Then I had to fight for breath against a tidal wave of bosom as she flung her arms around me and covered all the uninjured bits of my head with kisses.

 

 

Betrayal

 

Suzanne went to the Press. She bared her soul to some nasty little sleaze-ball with a cheque book and photographer in tow and was rewarded with a Front-page spread in one of the lower-end tabloids entitled ‘Death Plunge Artist’s Daughter in Lesbian Love Shame.’

God knows why she did it. Maybe it was revenge or guilt for the way things had turned out with Mary... Or maybe she really did feel that Turner had used her? I don’t think it was the money. Kay told me her fee just about paid for a holiday in Tenerife that she didn’t want and didn’t really enjoy. So, I don’t know why she chose to twist the knife on us like that and I’ve never spoken to her about it. In fact, since the day the revelations went to press, I’ve never spoken to her again.

All I can say is that it was sordid and humiliating. The first thing I knew about it was when I saw the headline on the WI trolley being pushed down the ward that morning. Like everyone else, I paid my money and read the lurid details of how my girlfriend had ‘seduced’ Suzanne when she attempted to confide her worries about Mary; the ‘kinky sex romps’ in Turner’s office; the unceremonious ‘dumping’ in a five star London Restaurant when Turner moved on to ‘pastures new’ with a ‘lesbian backstreet glamour photographer’. There was a pouty looking photograph of Suzanne wearing a lot of lipstick and showing an inordinate amount of cleavage for someone claiming to be heartbroken and ‘racked with guilt’. There was also a blurred image of Turner on one of her visits to me in hospital that had obviously been sold on by one of the local hacks and, bizarrely, a rather risqué still from one of my mum’s early film appearances in her ‘Carry On’ walk-on totty days.

The worst thing though was the veiled accusation that Turner had somehow been instrumental in what had happened to Mary and to her mother. The press pack outside swelled and eyebrows around the ward rose rather higher than usual as people cast me covert glances over their tabloids.
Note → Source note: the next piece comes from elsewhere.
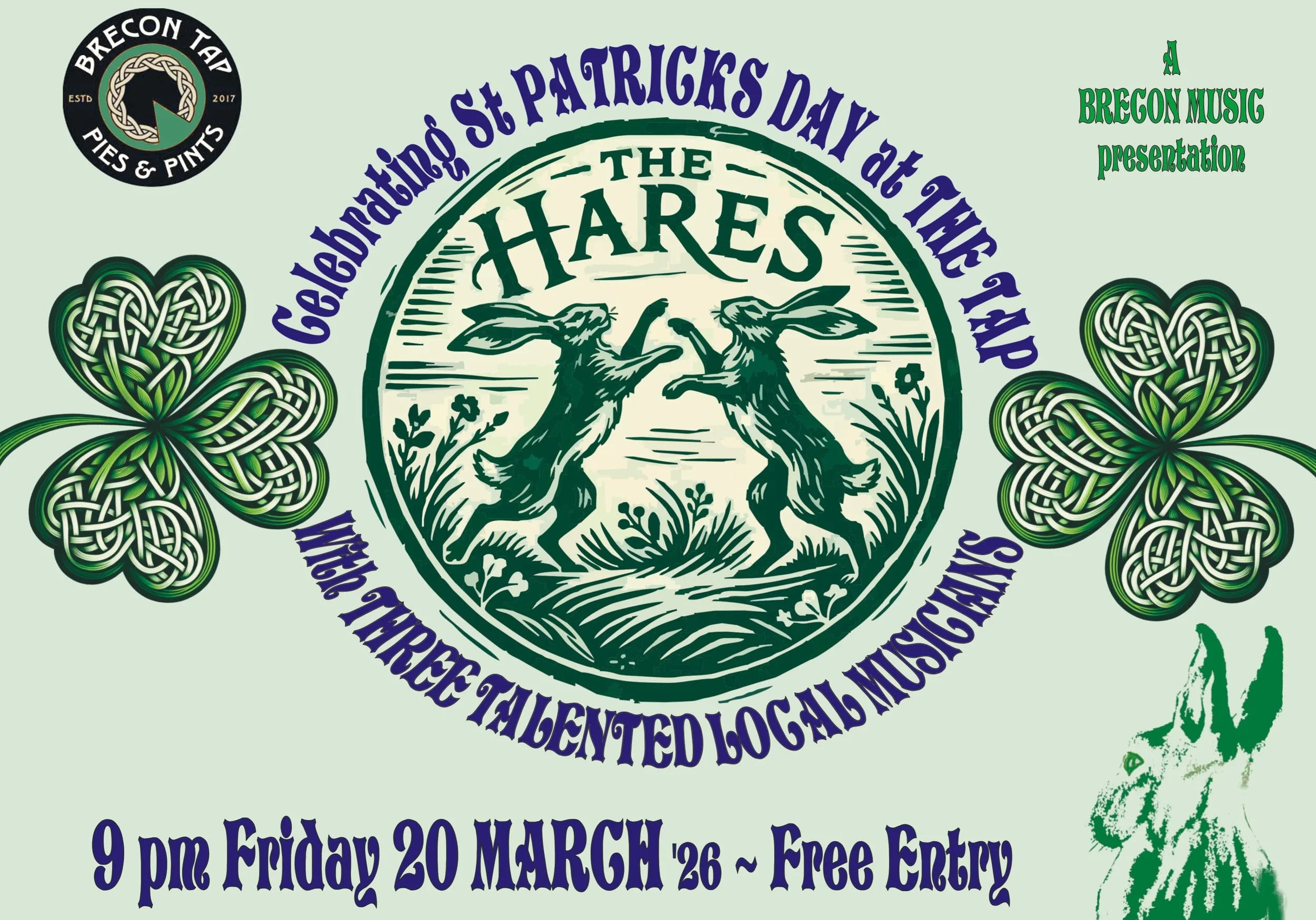 St Patrick's Day Celebration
Then the local TV news started to run the story. I watched the photos on some kind of continuous silent loop on the TV set wall-mounted at the end of the ward. I noticed a lot more people than usual had their headphones on that night.
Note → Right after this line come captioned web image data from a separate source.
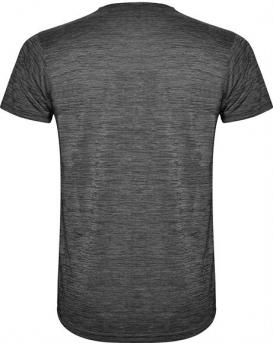 Спортивная футболка ZOLDER мужская, БЕЛЫЙ/ПЁСТРЫЙ ЧЕРНЫЙ 2XL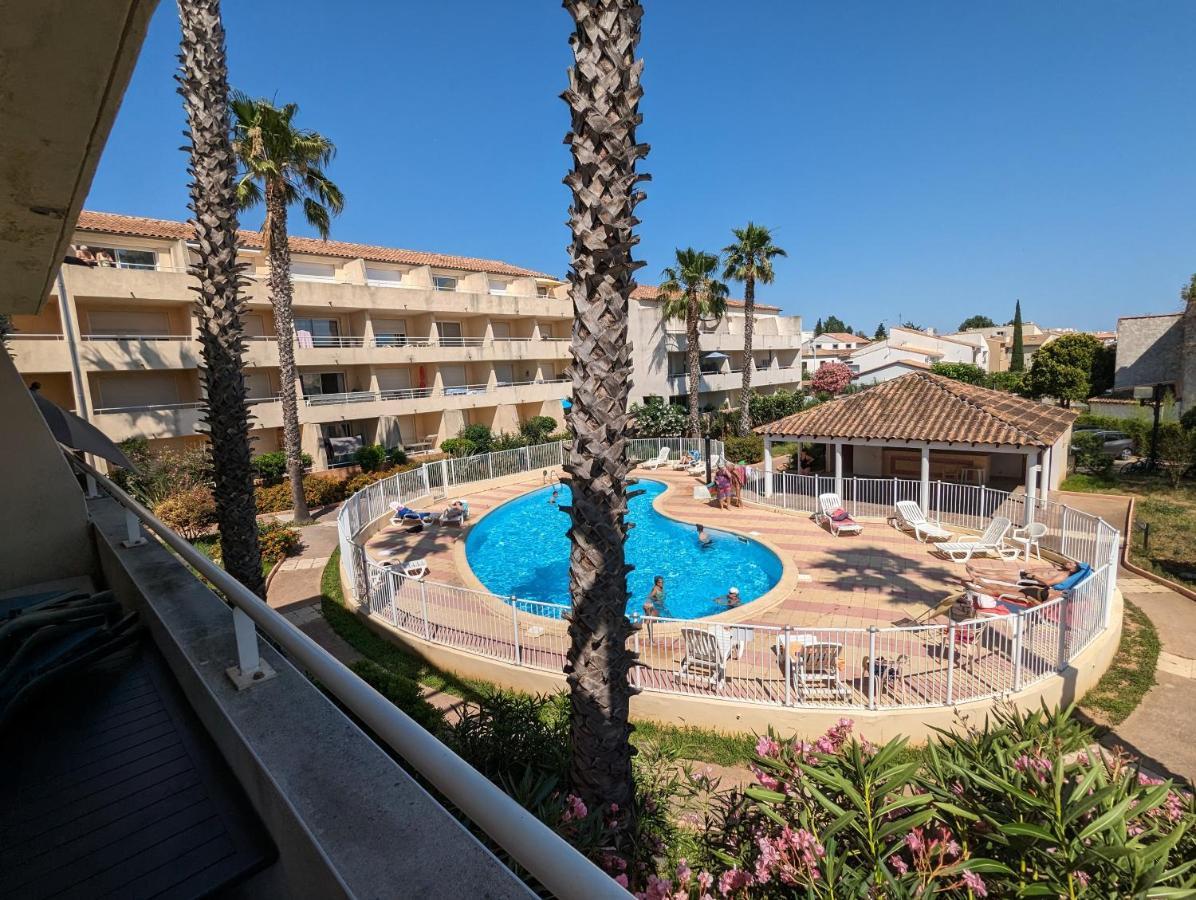 Sol-Y-Days Mayflower, Appartements Climatises Residence Avec Piscine Proche Centre لو غراو دو روا المظهر الخارجي الصورة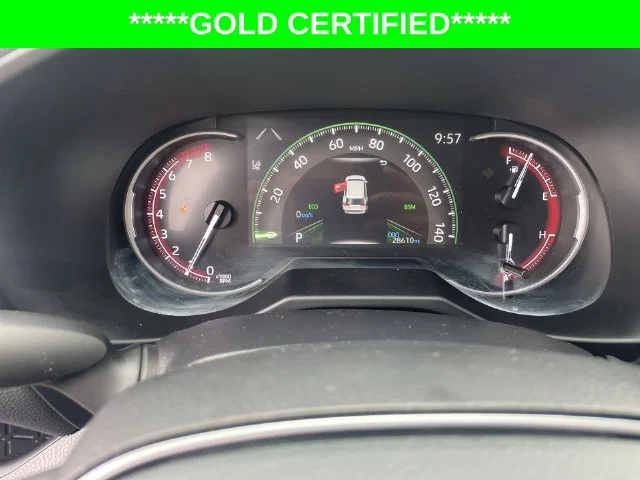 2025 Toyota RAV4 XLE - Photo 20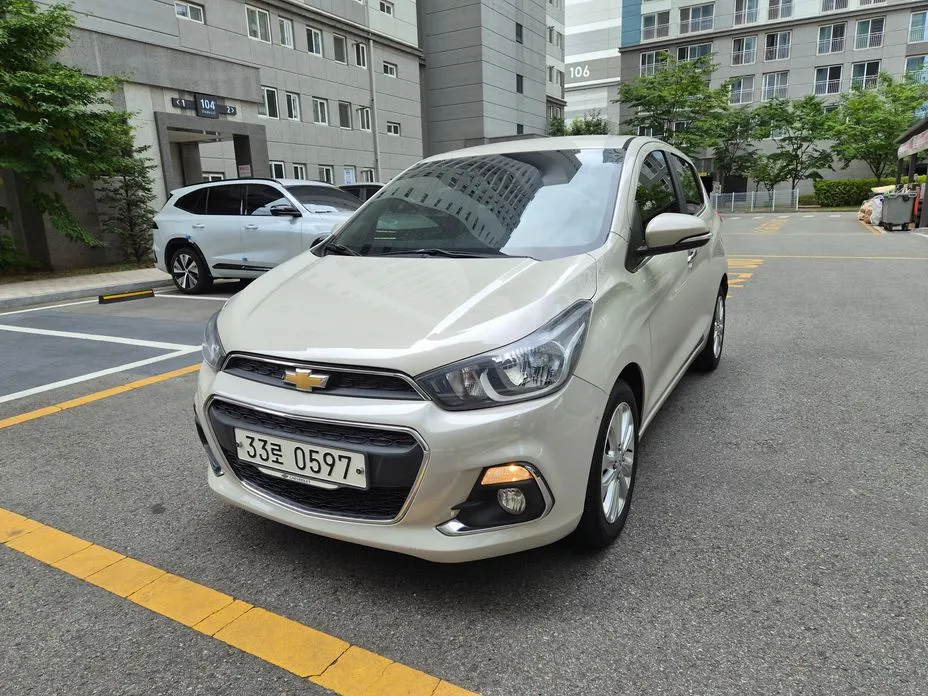 Chevrolet Spark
I missed Turner. She couldn’t come to see me apparently because she was ‘Helping the police with their enquiries.’

And for once, I wished that my mum could be there to take centre stage and take some of the heat off
me
.

 

 

The Second Interview

 

The police came back to see me too. The mousey-haired police woman brought an older male officer this time. DS Gary Jackson was unshaven and smelt of cigarette smoke. He looked like a character in an ITV police drama. Something by Lynda La Plante maybe, where the hero goes to bed clutching a bottle of whisky and it’s never quite daylight. His colleague was DC Jackie Walker. As soon as he said the name, I vaguely remembered it from before.

‘This doesn’t smell right,’ he said. ‘People have a tendency to end up getting hurt when your girlfriend’s around.’

‘Look,’ I protested. ‘I’ve already told you what happened...’

 ‘But I’m sure you can see why I’m concerned,’ he talked over me in his dour Cockney accent. ‘It’s like... your friend Mary gets a threatening phone call from your bit o’stuff and next thing we know, she’s under a lorry on the M25. Then the dear old mum goes to the family pile to talk about all the shenanigans and, oops, just happens to fall out of the attic window. Oh... and then, just to put the icing on the cake, your lady friend gets to inherit everything. Some people might say that’s not bad for a week’s work, eh?’

They’d told me I was still being interviewed as a witness rather than as a suspect, though I wasn’t entirely sure about that. It wouldn’t take a huge leap to imagine that Turner and I could have been working together and her mother had just put up more of a fight than we’d expected.

‘This must all be explained in Joyce Waters’ suicide note.’ I said. I figured it was worth a try.

‘Suicide notes can be dictated love. We’re checking the forensics on the gun even as we speak...  All the guns in the house actually, and trust me, there were a fair few... We’ll see who’s had their mitts on them.... ‘Cos I can see it all now. Poor old bird with a gun pointed at her head, scribbling away frantically, confessing all.’

This guy really
was
a maverick. His colleague stared studiously at the floor. I wondered how she felt about working with him. Probably thought he was a total knob. And it was good to tell that he’d never met Joyce Waters. ‘Dear old mum’ and ‘Poor old bird’ were hardly words I’d use to describe her. Under the circumstances though, I thought it was safer not to check that he was talking about Turner’s mother and not her granny.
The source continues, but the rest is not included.